§ **AVAILABLE RECORDS**:
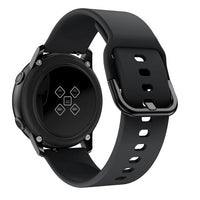 HKM-549459 Silicone Strap for Galaxy Watch3 - Multiple Colors Available, 20mm & 22mm Compatible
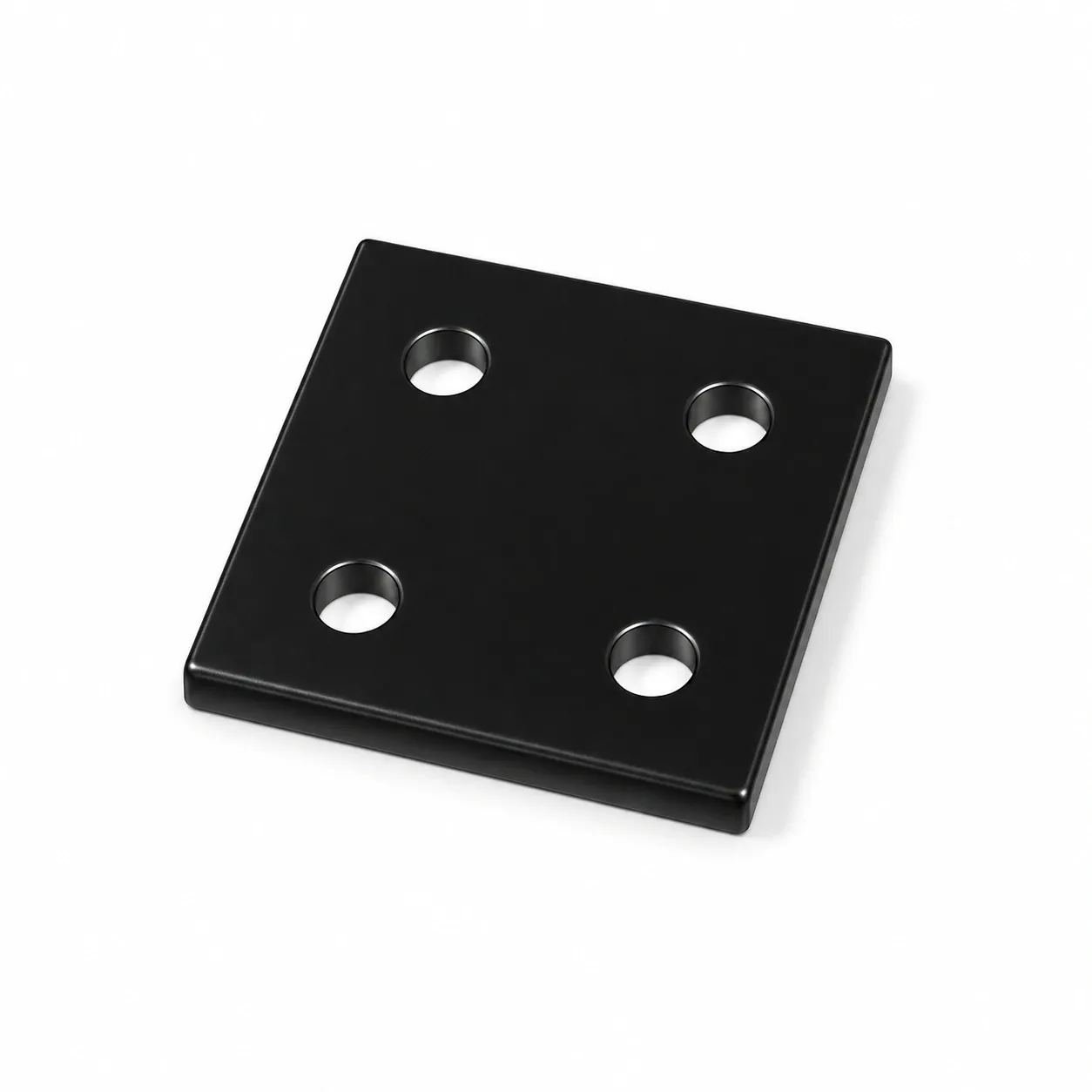 BAH-2QB — Square Plate 20mm 4รู สีดำ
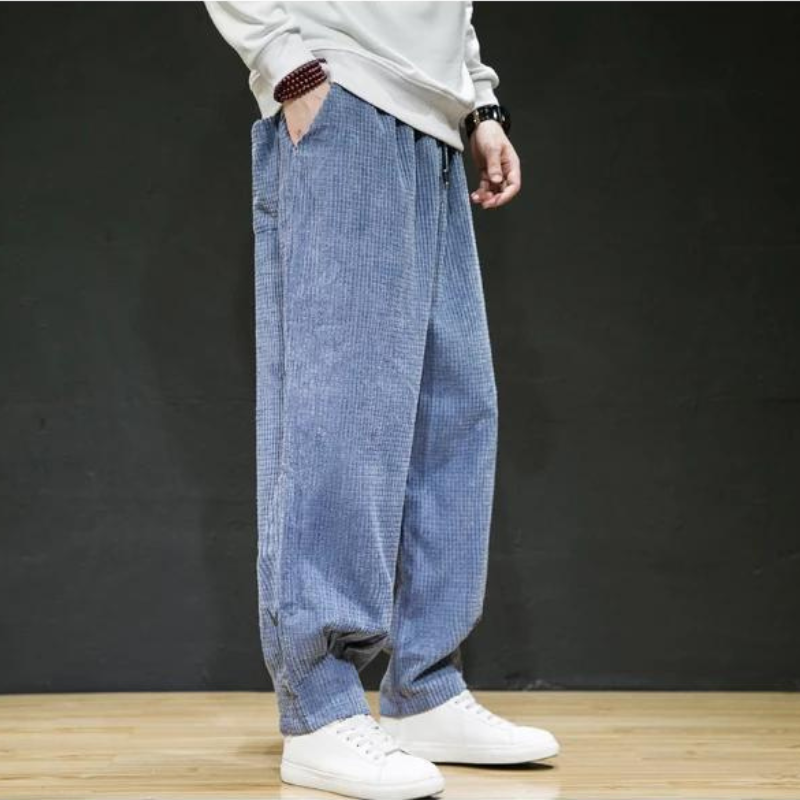 Pantaloni testurizzato waffle Nomad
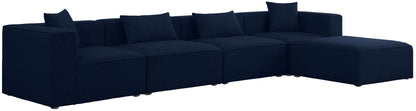 Cube - Linen 5 Piece Modular Sectional With Chaise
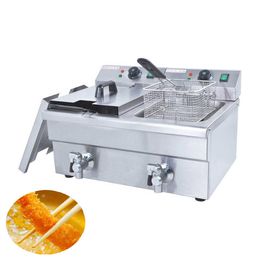 Qihang_top 6L-2 Commercial Electric Chicken Deep Fryer/Electric Deep Frying Machine/Commercial Potato Chips Deep Fryer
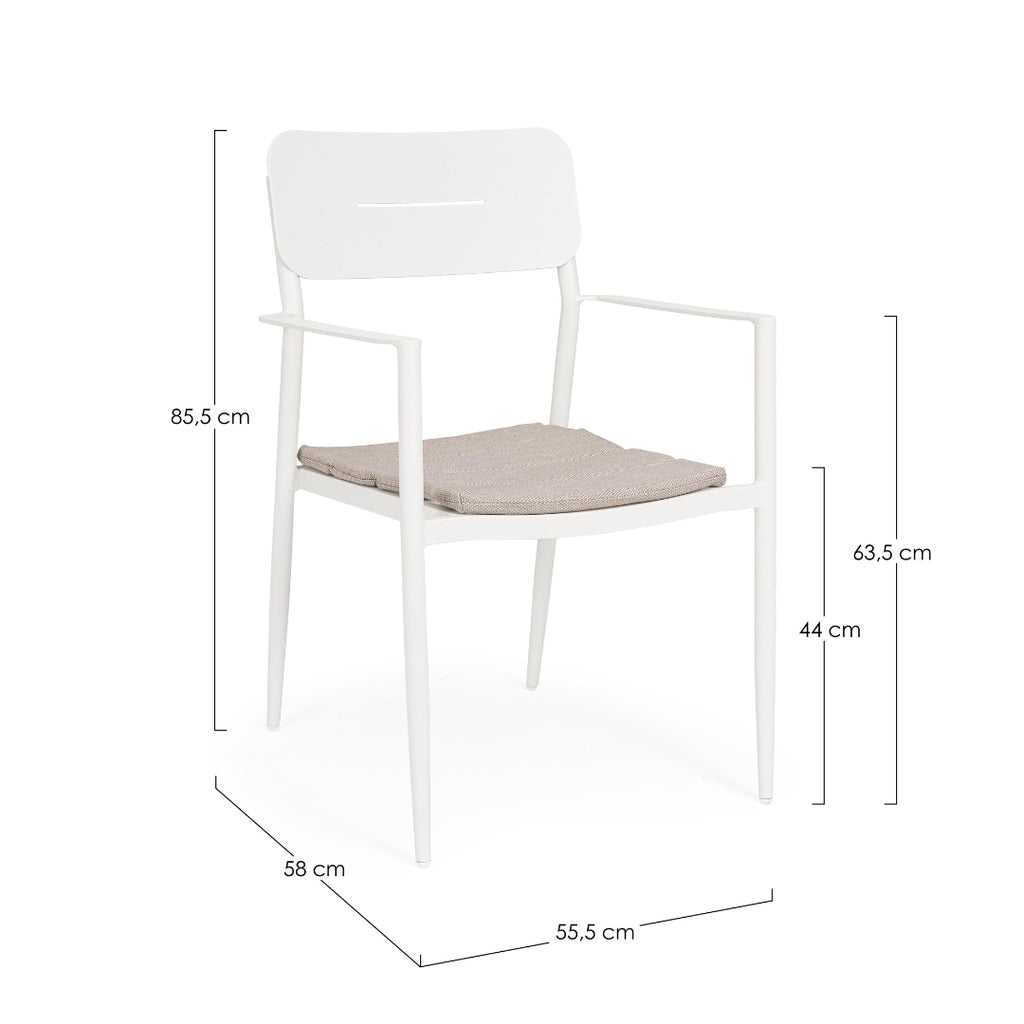 NEBULA Outdoor Dining Table Set Dimensions - Bizzotto | Milola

§ **YOUR TASK**: Repeat the entries exactly and keep the pictures out of the copy.

§ **ANSWER BOX**:
 HKM-549459 Silicone Strap for Galaxy Watch3 - Multiple Colors Available, 20mm & 22mm Compatible
 BAH-2QB — Square Plate 20mm 4รู สีดำ
 Pantaloni testurizzato waffle Nomad
 Cube - Linen 5 Piece Modular Sectional With Chaise
 Qihang_top 6L-2 Commercial Electric Chicken Deep Fryer/Electric Deep Frying Machine/Commercial Potato Chips Deep Fryer
 NEBULA Outdoor Dining Table Set Dimensions - Bizzotto | Milola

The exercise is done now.